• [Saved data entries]
BEGIN
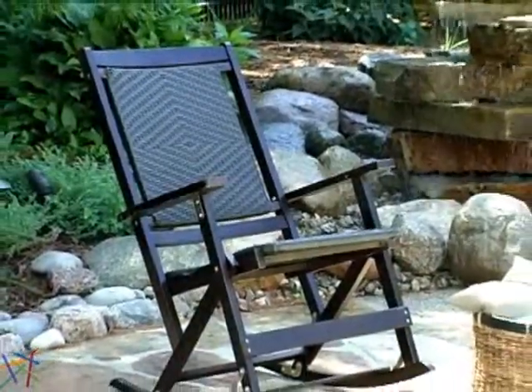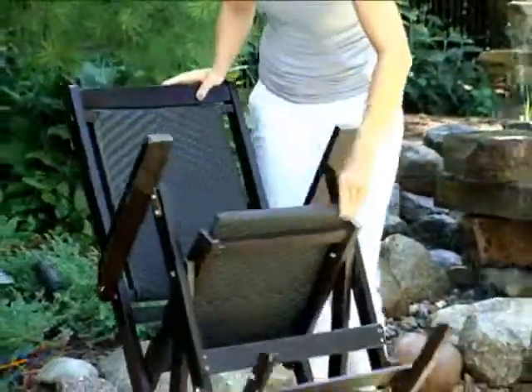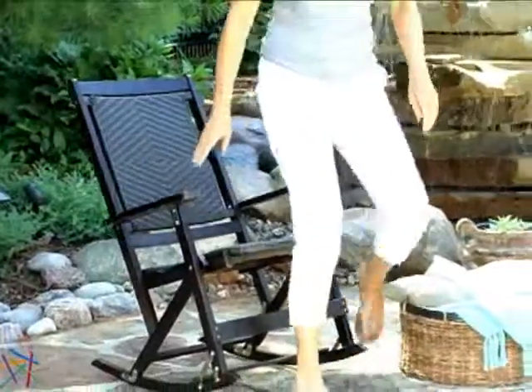Another great feature is that this chair can be easily enjoyed anytime, anywhere, as it folds for easy transport. Once the chair arrives, you'll be able to relax immediately as there is no assembly required.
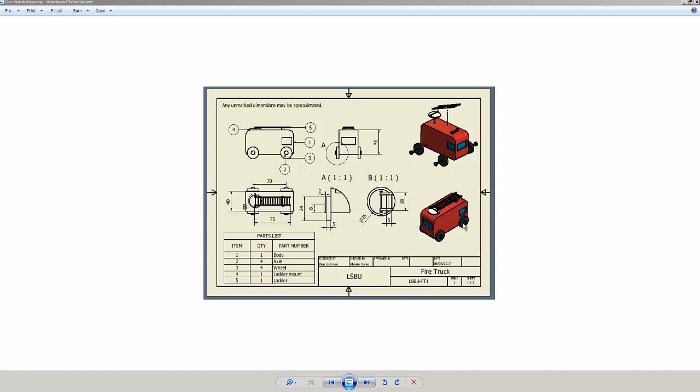I want to try making this fire truck here in Fusion 360. I'm not going to be too worried about the exact dimensions — the important thing here is really to learn about making assemblies and how things fit together.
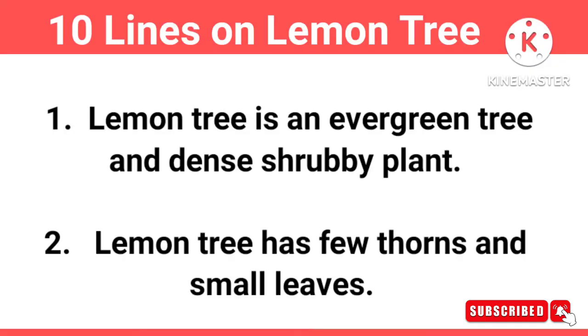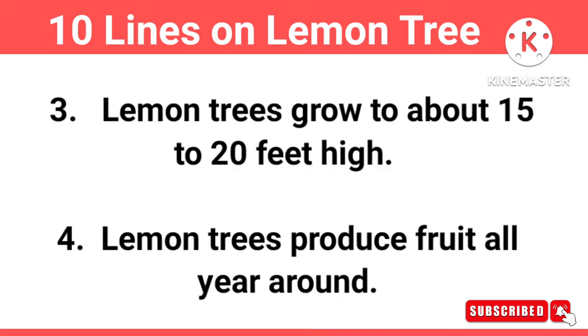Laman tree is an evergreen tree and dense shrubby plant. Laman tree has few thorns and small leaves. Laman trees grow to about 15 to 20 feet high.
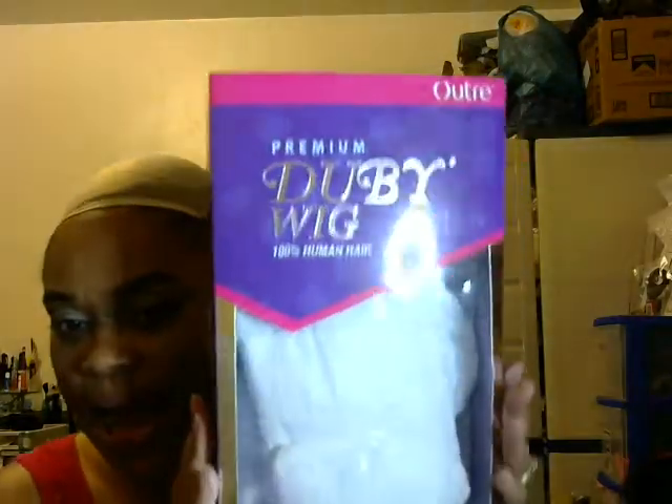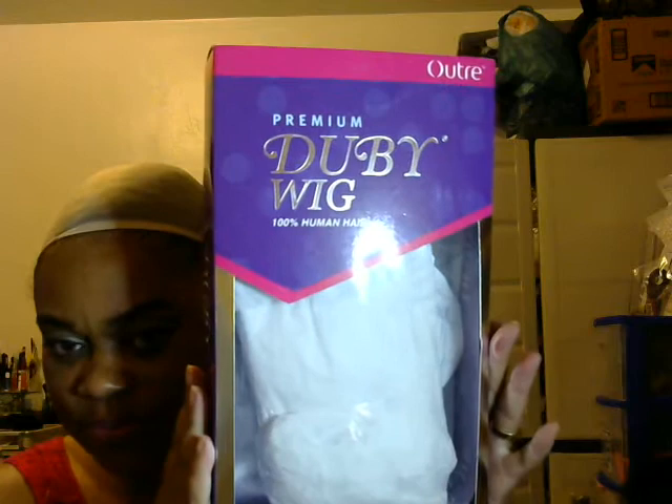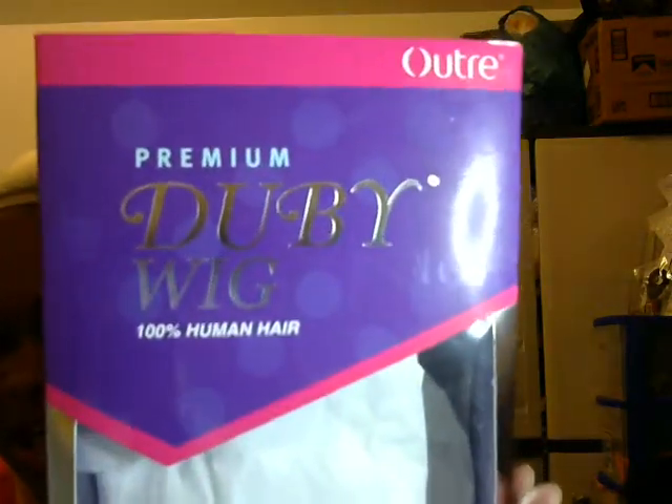And this is going to be by Outre. It's the Doobie Wig. It's 100% human hair, in the color 1B.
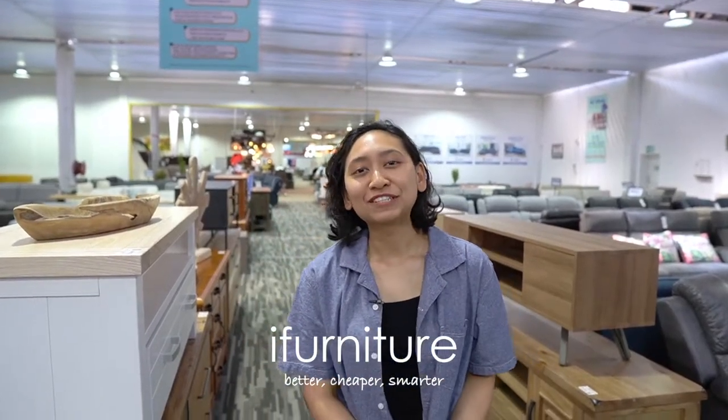Hey guys, I'm Bella from iFurniture and in this video I'm going to show you the exact look of our product. Check it out.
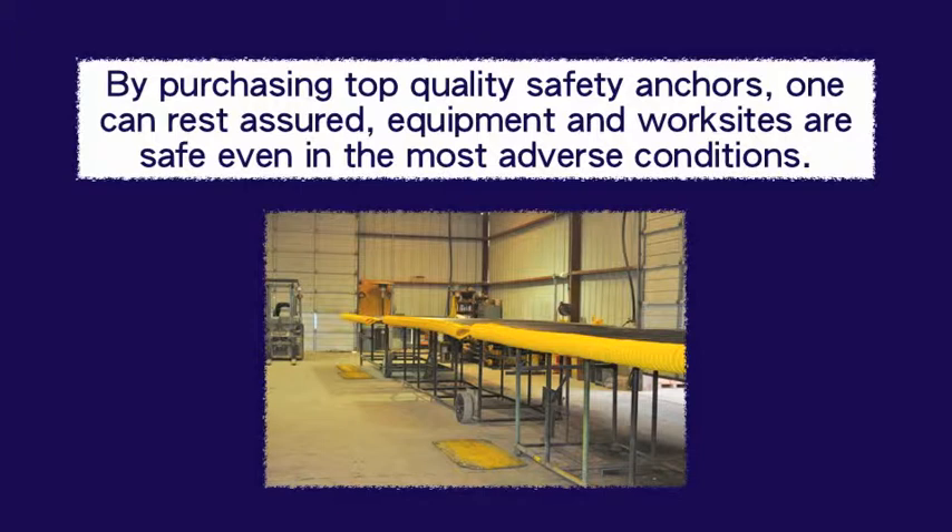By purchasing top quality safety anchors, one can rest assured equipment and work sites are safe, even in the most adverse conditions.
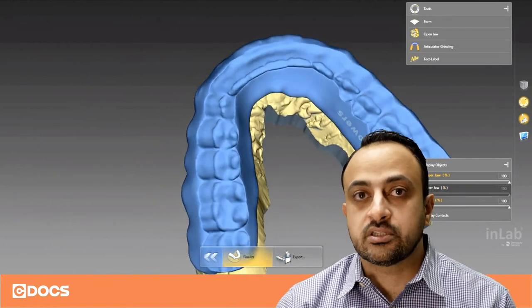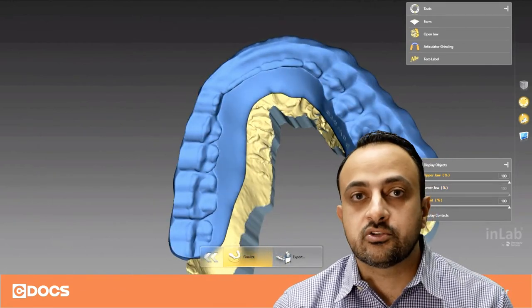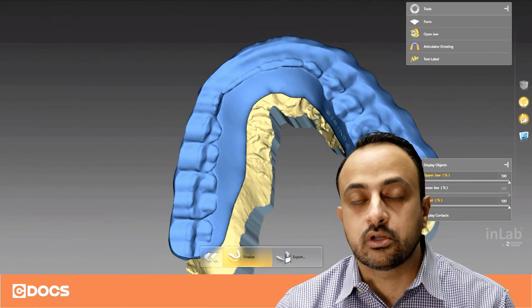When I go and export this splint and send it to the printer, as soon as I deliver this, there'll be very minimal or almost no occlusal adjustments whatsoever.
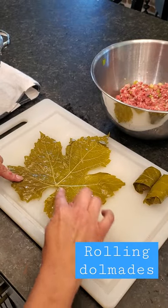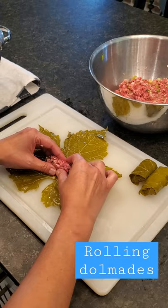Start with your leaf vein side up, then take an appropriate amount of meat, which is just sort of by feel.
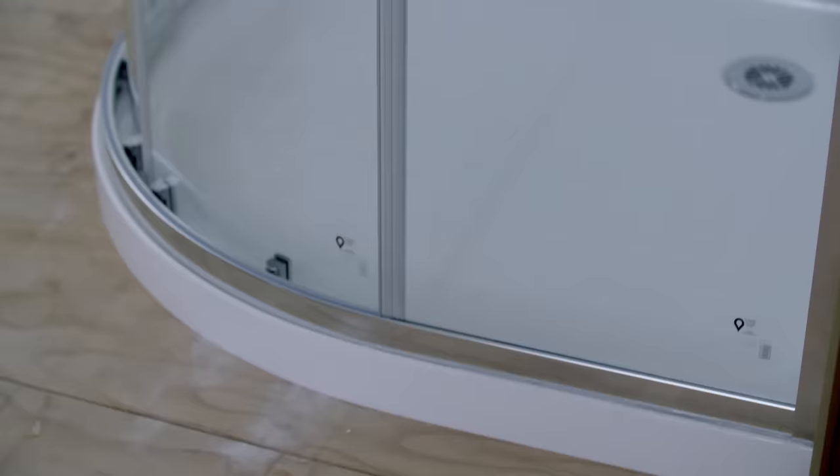Upgrading an old shower is a great way to refresh your bathroom. Installing a brand new shower enclosure is actually a job you can do yourself. I'll show you how it's done, easy as.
END
• [What needs to be done] Copy the records exactly, minus any pictures.

• [Response area]
Another great feature is that this chair can be easily enjoyed anytime, anywhere, as it folds for easy transport. Once the chair arrives, you'll be able to relax immediately as there is no assembly required.
I want to try making this fire truck here in Fusion 360. I'm not going to be too worried about the exact dimensions — the important thing here is really to learn about making assemblies and how things fit together.
Laman tree is an evergreen tree and dense shrubby plant. Laman tree has few thorns and small leaves. Laman trees grow to about 15 to 20 feet high.
And this is going to be by Outre. It's the Doobie Wig. It's 100% human hair, in the color 1B.
Hey guys, I'm Bella from iFurniture and in this video I'm going to show you the exact look of our product. Check it out.
By purchasing top quality safety anchors, one can rest assured equipment and work sites are safe, even in the most adverse conditions.
When I go and export this splint and send it to the printer, as soon as I deliver this, there'll be very minimal or almost no occlusal adjustments whatsoever.
Start with your leaf vein side up, then take an appropriate amount of meat, which is just sort of by feel.
Upgrading an old shower is a great way to refresh your bathroom. Installing a brand new shower enclosure is actually a job you can do yourself. I'll show you how it's done, easy as.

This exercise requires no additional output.